Altre ricerche hanno tuttavia evidenziato una correlazione tra sclerosi multipla e CCSVI ben diversa rispetto ai risultati dello studio CoSMo? «La metodologia adottata, le procedure in cieco (i revisori centrali non vedevano i pazienti e non potevano quindi sapere in che condizioni di salute erano rischiando di farsi influenzare nelle loro valutazioni, n.d.r.) il disegno multicentrico, la formazione data a chi eseguiva gli esami, unite all’ampio campione, sono caratteristiche che distinguono lo studio CoSMo da tutti gli altri studi precedenti».

Come mai i dati raccolti in “periferia”, dai sonologi del diversi Centri coinvolti nello studio CoSMo, mostravano una frequenza di CCSVI decisamente più alta di quella poi ritenuta definitiva dal comitato dei tre esperti che hanno revisionato tutti i dati? «Innanzitutto, anche se i dati esaminati dai lettori periferici evidenziavano un numero maggiore di casi definibili come CCSVI, non c’era differenza significativa tra persone con sclerosi multipla, controlli sani e controlli con altre malattie neurologiche.
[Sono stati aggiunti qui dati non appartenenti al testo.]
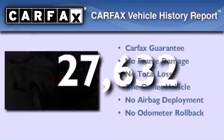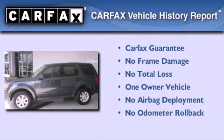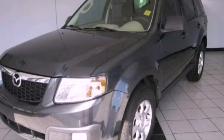This Mazda has had only one owner and it qualifies for the Carfax buyback guarantee. Contact us today to arrange your test drive.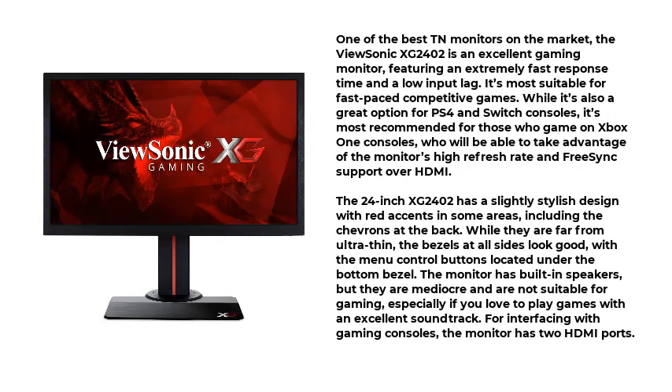The 24-inch XG2402 has a slightly stylish design with red accents in some areas, including the chevrons at the back. While they are far from ultra-thin, the bezels at all sides look good, with the menu control buttons located under the bottom bezel. The monitor has built-in speakers, but they are mediocre and are not suitable for gaming, especially if you love to play games with an excellent soundtrack.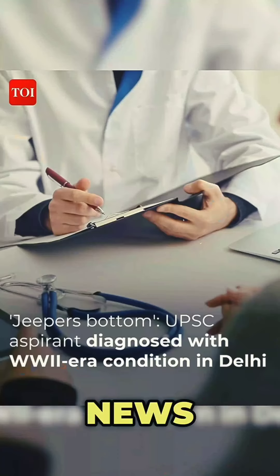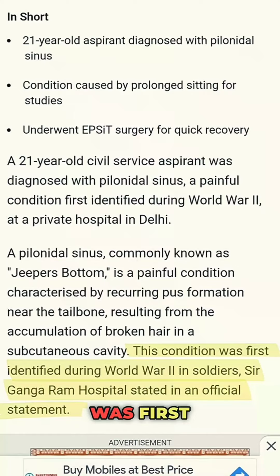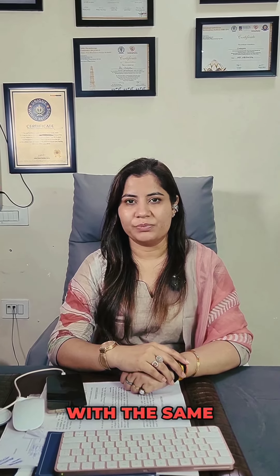Did you see that news about a UPSC aspirant who was diagnosed with pilonidal sinus? This problem was first identified during World War II, and today there was a UPSC aspirant who was diagnosed with the same problem.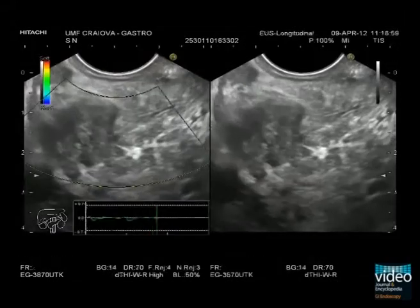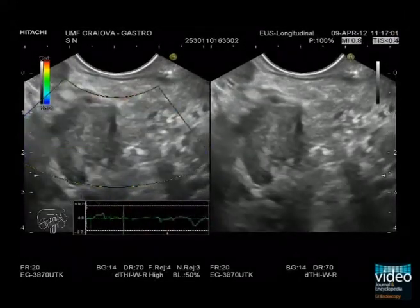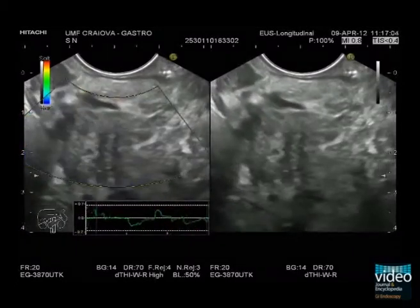EUS elastography shows a hard mass as compared with adjacent tissues, suggestive of a malignant tumour.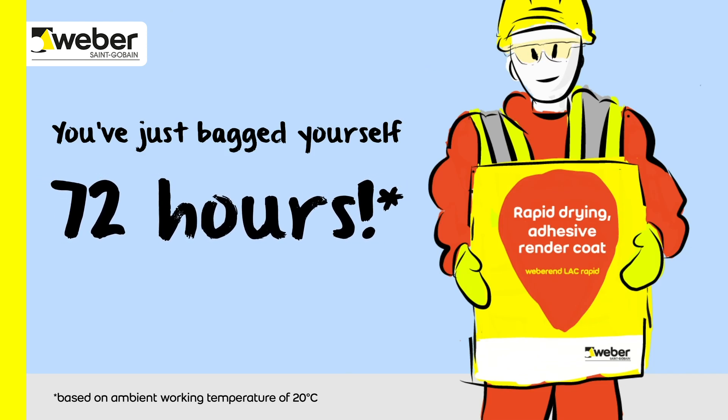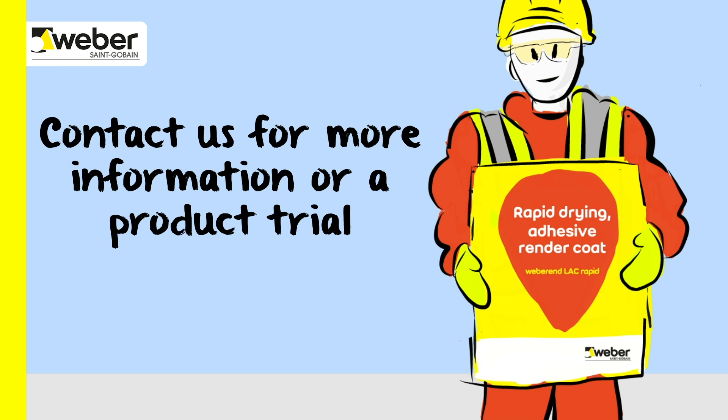You've just bagged yourself 72 hours. To see for yourself, contact Weber today.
Quindi si conferma la non correlazione tra CCSVI e sclerosi multipla. La lettura “in cieco”, locale e poi quella su esami registrati, al momento della revisione centrale, è una garanzia fondamentale».

Perché avete deciso, come Associazione Italiana Sclerosi Multipla, di non finanziare la sperimentazione Brave I)rearns (si veda sotto) dopo esservi dichiarati disponibili inizialmente? «Il motivo per cui, lo scorso anno, il Comitato Scientifico dell’Associazione ritenne di non finanziare Brave Dreams fu la volontà di tutelare la sicurezza delle persone con sclerosi multipla. Il comitato ritenne che finanziare uno studio clinico randomizzato, controllato con un gruppo che non fa il trattamento, in un gran numero di soggetti, fosse prematuro: è prematuro sino a quando non si avrà una forte evidenza di un’associazione causale tra CCSVI e SM, correlazione che, con lo studio CoSMo, è stata sinora smentita».